There is something soothing in this process, though it is not a comforting poem. The comforting quality seems to me to be because my brain is forced to slow down, and work differently.
I’m massively pleased with this discovery.  For one thing, despite my profession, my memory for words is not good.  But now I feel I have the whole poem as a kind of gift or resource.  I can sit on an inexplicably delayed train, for instance, and think to myself: leaving the motherland by a two-car raft, the littlest of the fleet, you cross the minch, to find yourself, if anything, now deeper in her arms than ever; sharing her breath.  Or, in a moment of depletion, when I don’t want to think about anything else, I can think, reborn into a secret candidacy, the fontanelles re-open one by one, in the palms, then the breastbone, and the brow.
            When I described what I was doing to a friend she was keen to try it for herself.  We both read Luing in this way, and then she proposed a prayer written by Robert Louis Stevenson that begins:  Grant me, O Lord, the royalty of inward happiness.

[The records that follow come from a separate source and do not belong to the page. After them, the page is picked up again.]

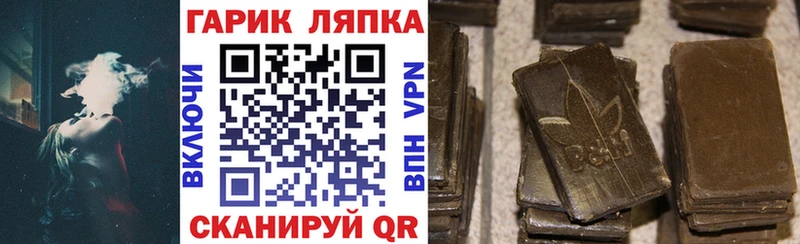 ГАШ Изолятор Щёлкино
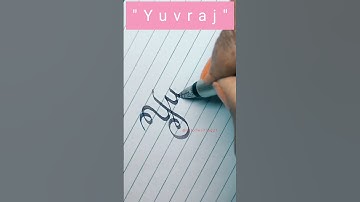 "Yuvraj" name in calligraphy writing l #calligraphy #cursive #handwriting #youtubeshorts #shorts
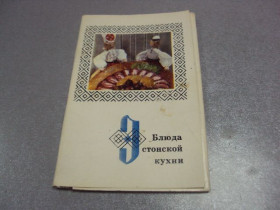 СРСР СССР ^/--/^ набор открыток блюда эстонской кухни 1973 лот  №4118 ^_^^^ набір листівок страви естонської кухні 1973 лот No /--/ 4118 - фото фото фото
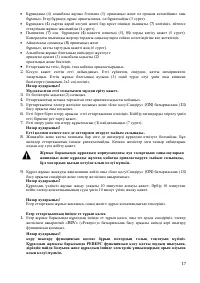 Страница 17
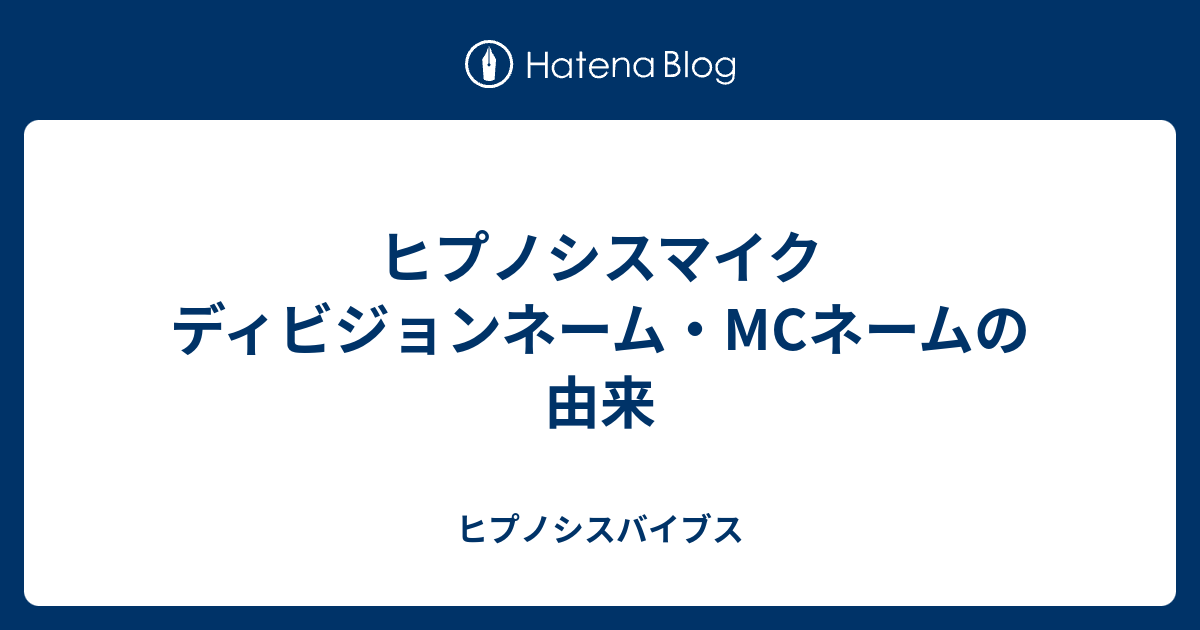 ヒプノシスマイク ディビジョンネーム Mcネームの由来 ヒプノシスバイブス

            I read this poem several times, but failed to absorb it, apart from the metaphors: the royalty of inward happiness; diffusers of light.  This is presumably because the metaphors and images are what make the brain work differently, to make different connections.
            Of course rhythm and rhyme might perform the same function.  Until recently I had a very elderly neighbour who had Alzheimer’s.  She used to like me to sit with her, and would ask me, for instance, if I knew where her mother was, (she was 96).  If I could get her onto the subject of poetry, however, she would instantly begin to recite reams of it that she had learned in school.  This was usually rhyming poetry with a story attached.  It had the same effect though; it moved her brain onto a different track and calmed her down.

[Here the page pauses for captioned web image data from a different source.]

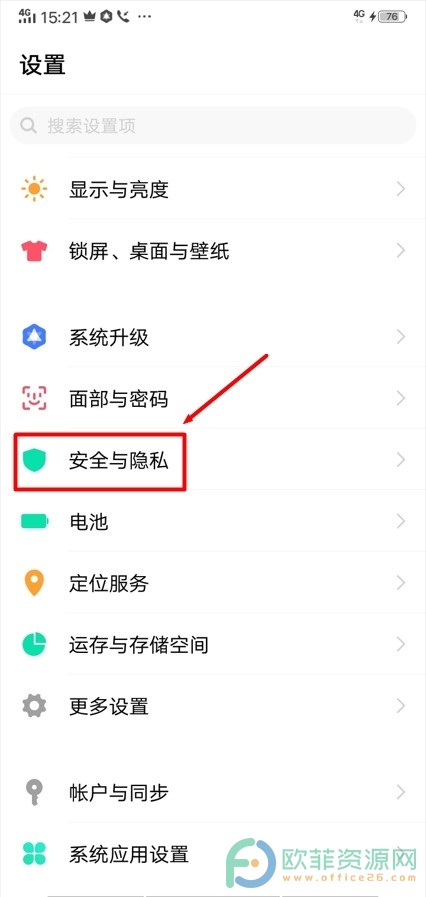 怎么解除vivo手机的隐私安全设置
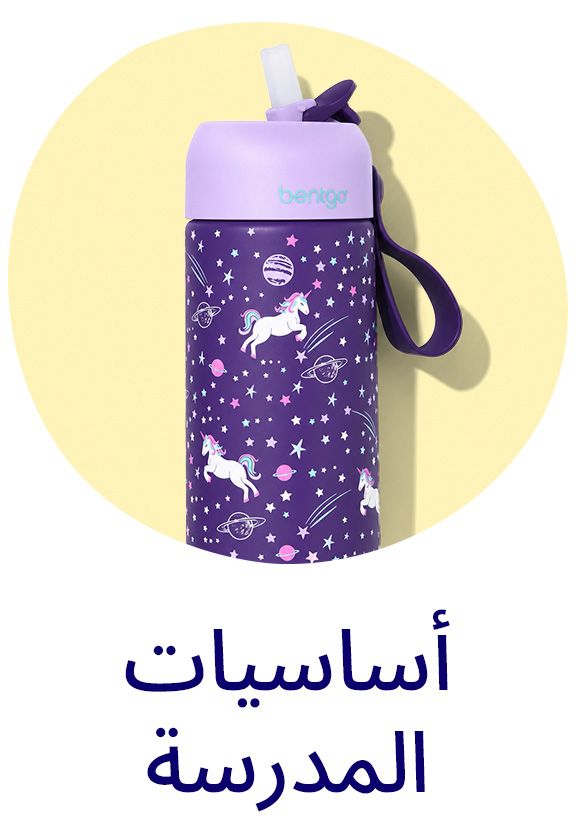 المدرسة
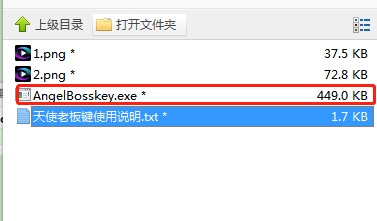 天使老板键下载新用户使用教程
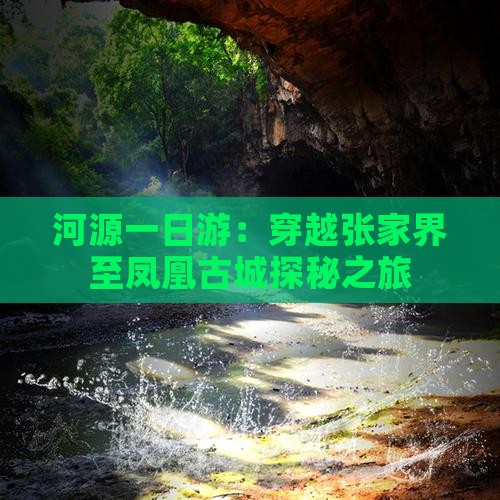 河源一日游：穿越张家界至凤凰古城探秘之旅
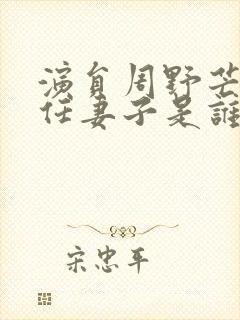 演员周野芒的现任妻子是谁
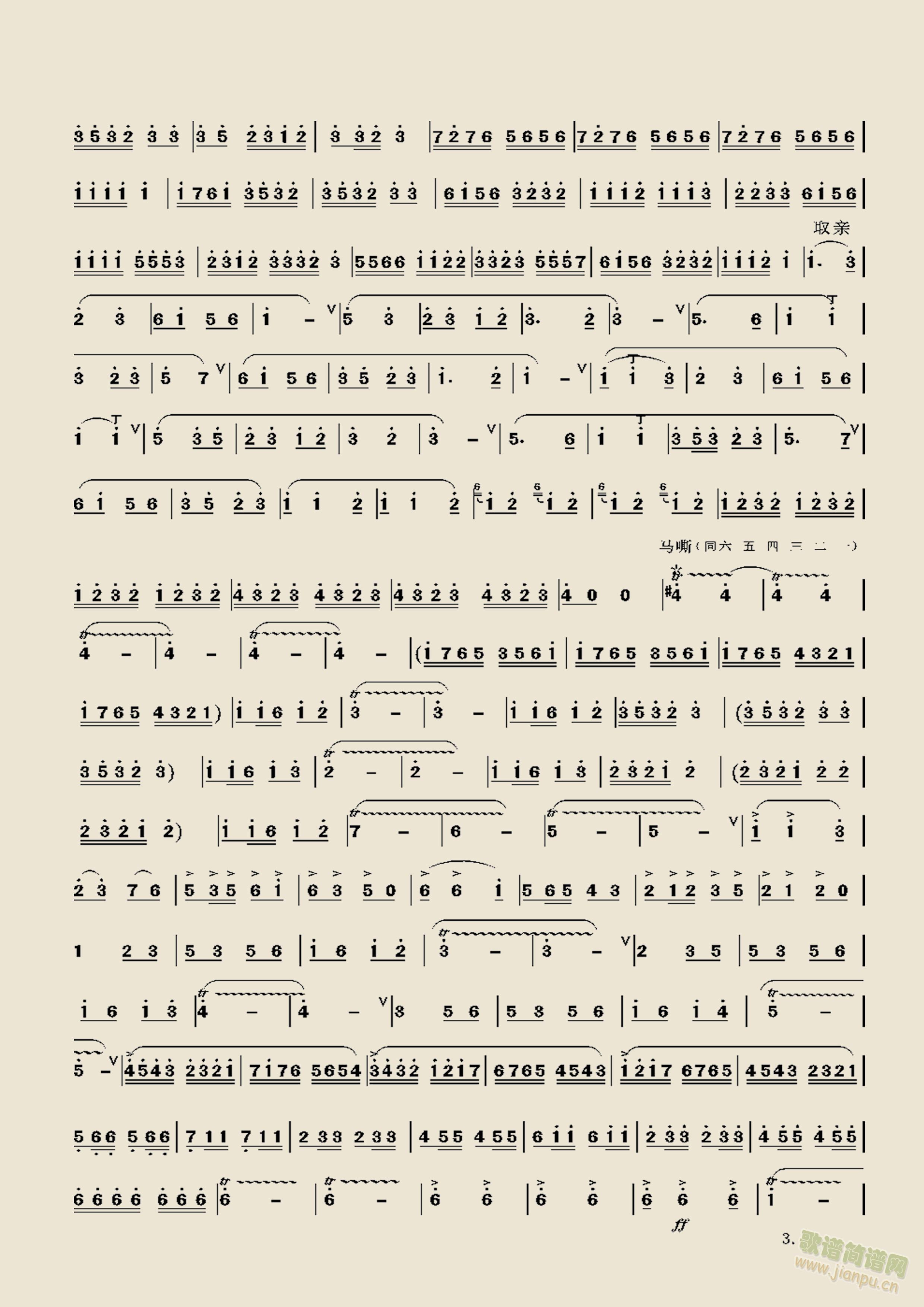 ��Ǵ��\(�Ѻ��V)3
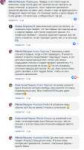 2019-11-11 10.21.57 www.facebook.com 30392f4cc48a.png
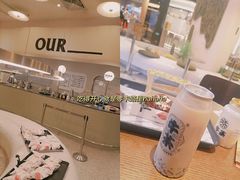 -OUR Bakery(SKP-S店)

            I have often been struck, over the years, by the fact that people will turn to poetry in times of grief, despite the fact that the readership of contemporary poetry is not large – it is not a popular market.  There was an outpouring of poetry following the death of Princess Di, for instance and the section of the local paper in which deaths are mentioned regularly features commemorative verse.  Such poems are relatively simple, and straightforwardly expressed, but presumably comforting to those who write them, and to some of the people who read them.  They might recognise something in the emotion expressed, or feel that something important to them has been acknowledged.  It is possible to read something like:
            How we miss our beloved John
            Who was once with us but now is gone
for the content, the rhythm or the rhyme, but a poem such as Luing has other dimensions.  It does not give up its meaning immediately.  The effect it has is, to some extent, distinct from its meaning, because of the quality of the language, which prompts the brain to make different connections, and which turns the reader’s attention towards the mystery of the language itself and the mystery of the experience that is being expressed.
            The poem has retained its mystery, for which I am grateful.  It appears differently to me each time I recollect it, or a part of it, and is, in that sense, inexhaustible.  But the real benefit of this way of reading for me is that I now feel that the poem is mine, in a way that it wasn’t when I merely owned the collection.  It will continue to alter as long as I make connections to it through my own experience.  It is a part of me, like breathing.
            And it is much cheaper than therapy!